Maybe it would be easier to be MWEB and just give away a commodity in a land grab. I take that back: it would definitely be easier. Boring as hell. But easy. Easy for now. Not sustainable; and a market distortion of note.
This particular week brought an event called the Shopper Indaba. A couple of reminders from that event (not rocket science just business basics):
- Watch out for unintended consequences of your actions
- Don’t bite off more than you can chew
- Start with objectives. If you don’t know where you’re going it’s quite hard to know if you’re going in the right direction, or once you’ve arrived!
- Go in measured steps: do, test, measure, learn, justify, expand (or not)
The week technically started in Johannesburg.

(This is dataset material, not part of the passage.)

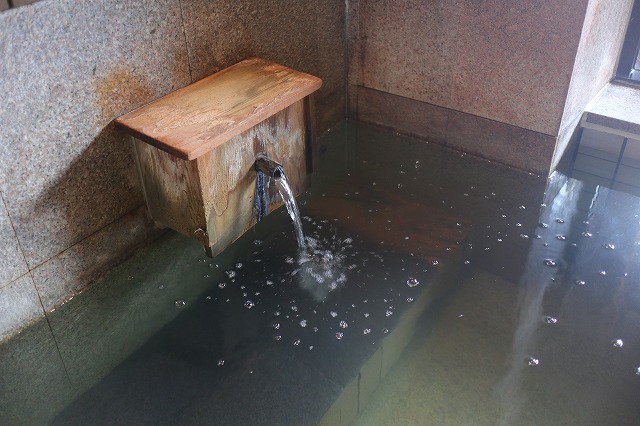 内湯の湯口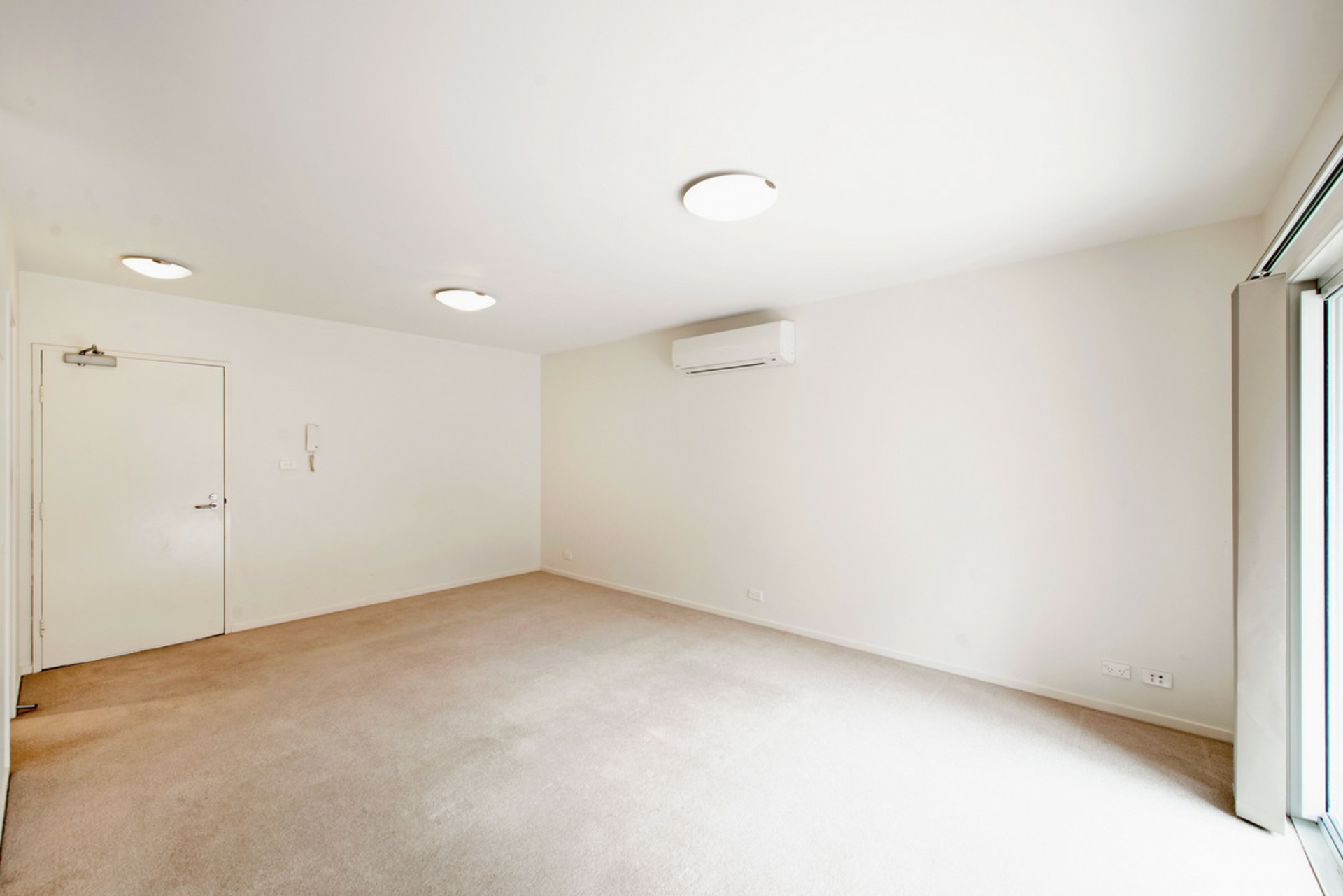 151/140 Thynne Street — photo 3 of 12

I’d flown in Sunday morning early to save the company a few hundred Rand, which, among other things, gave time and space for a braai with some special CrossFitters that evening.
Monday was a true pleasure; starting off with a meeting with my development partners and we were then graced by the presence of my favourite sales guy who didn’t tell us anything we didn’t already know. For an industry full of secrets, the biggest surprises can come from where you least expect them. Forget your competitors – watch your partners.
Speaking of: there’s this saying that if you’re looking around a table and you can’t see who the sucker is, then the sucker is you. I was thinking about this recently and I reject the premise. It doesn’t have to be that way. As a matter of fact, the sucker can sometimes be the guy who is NOT sitting at the table, who deserves to have his ass kicked. The fun of a common enemy!!
The next day or so brought three meetings related to one of our key target markets, in rapid succession. That was all very exciting; combined with a few evening Skype calls; then the conference. But the entire week was exhausting and draining. I didn’t train, I did break all the rules and drank a few times, but I kept my head when I needed it.
Quite a bit of exciting news to talk about once it’s all public, but what I can say is that I rediscovered that it really does come down to the people for me. Always. For example, our family at Skyrove has so much trust and mutual respect for each other; this thing called a company culture that one tries so hard to build. And you can’t build it, or impose it, you have to set certain principles in place, and lead by example, and then see what the people do.
There are three things in business that I keep coming back to:
- Money. Business isn’t charity. You need to have people who value what you’re selling enough that they pay you to deliver it. And you need to make sure you have more income than costs, or sufficient funding in the bank, or else you can’t continue. So money is important.
- Opportunity. You spend so much of your time at work that you should really be working on cool stuff. Your company’s raison d’etre should be more than just trying to copy what someone else is doing. Who wants to work all their life and not add value to the world? Not me.
- People. You can’t do anything without a team. There are different roles within the team, but it must function as a unit. This is something Rudolph & I worked very hard at Skyrove to build, is team unity, trust, and coherence. There are different management styles; I get that. Mine is to trust and empower. Oh: and respect. People are people, not horses or resources. Herding cats is hard enough; you try to herd people!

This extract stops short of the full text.